§ Source data
Segment Open

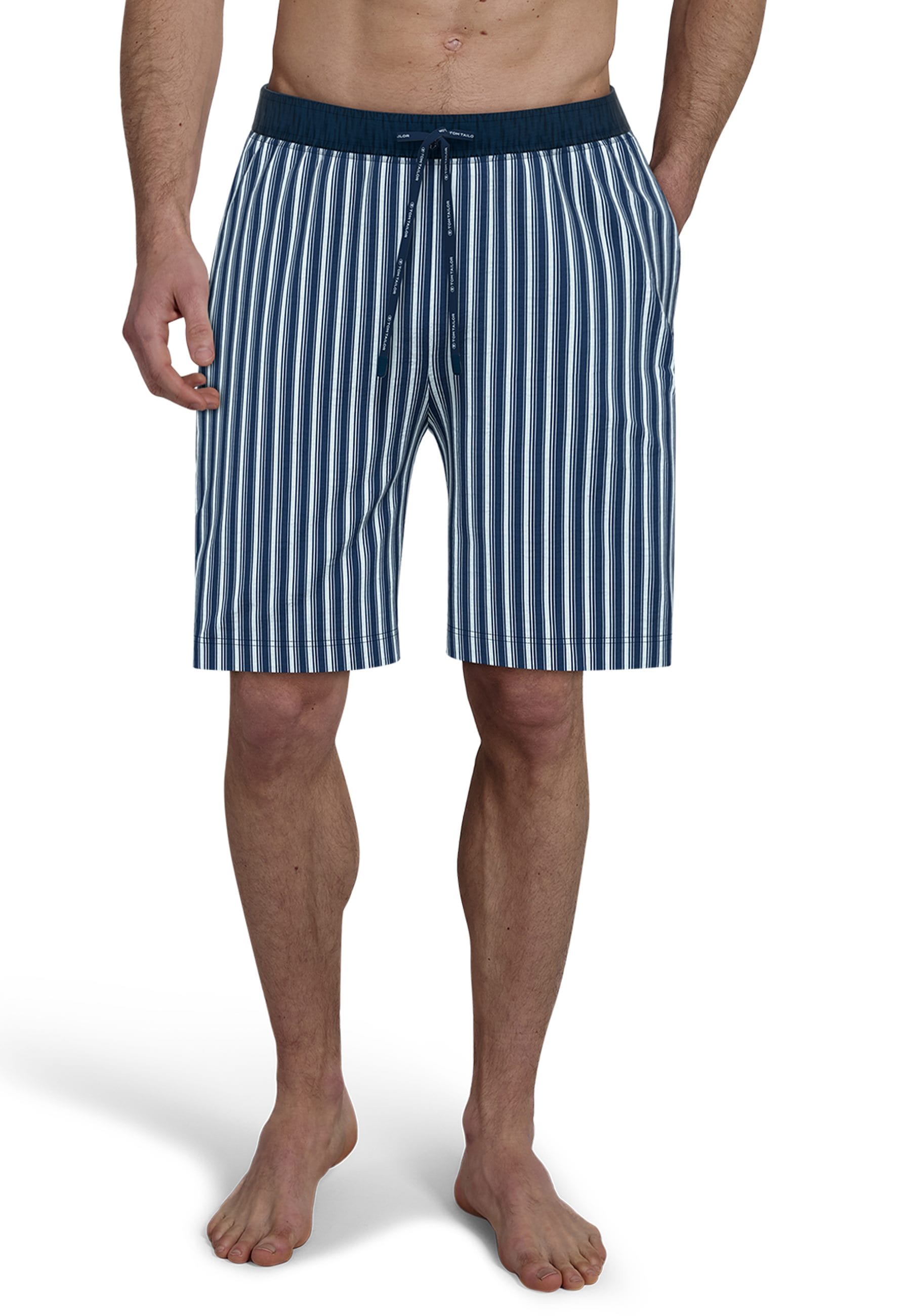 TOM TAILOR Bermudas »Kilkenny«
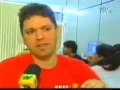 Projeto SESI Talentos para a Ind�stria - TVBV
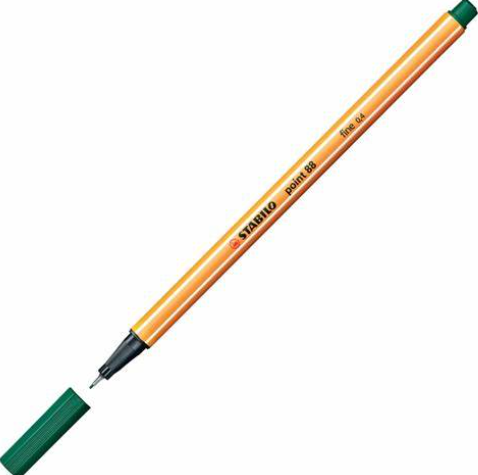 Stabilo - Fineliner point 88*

Segment Closed

§ Your goal
Inclusive range, exact copy: the line containing "Projeto SESI Talentos" through the last line of the listing. Print nothing else, and no pictures.

§ Result of the task
 Projeto SESI Talentos para a Ind�stria - TVBV
 Stabilo - Fineliner point 88*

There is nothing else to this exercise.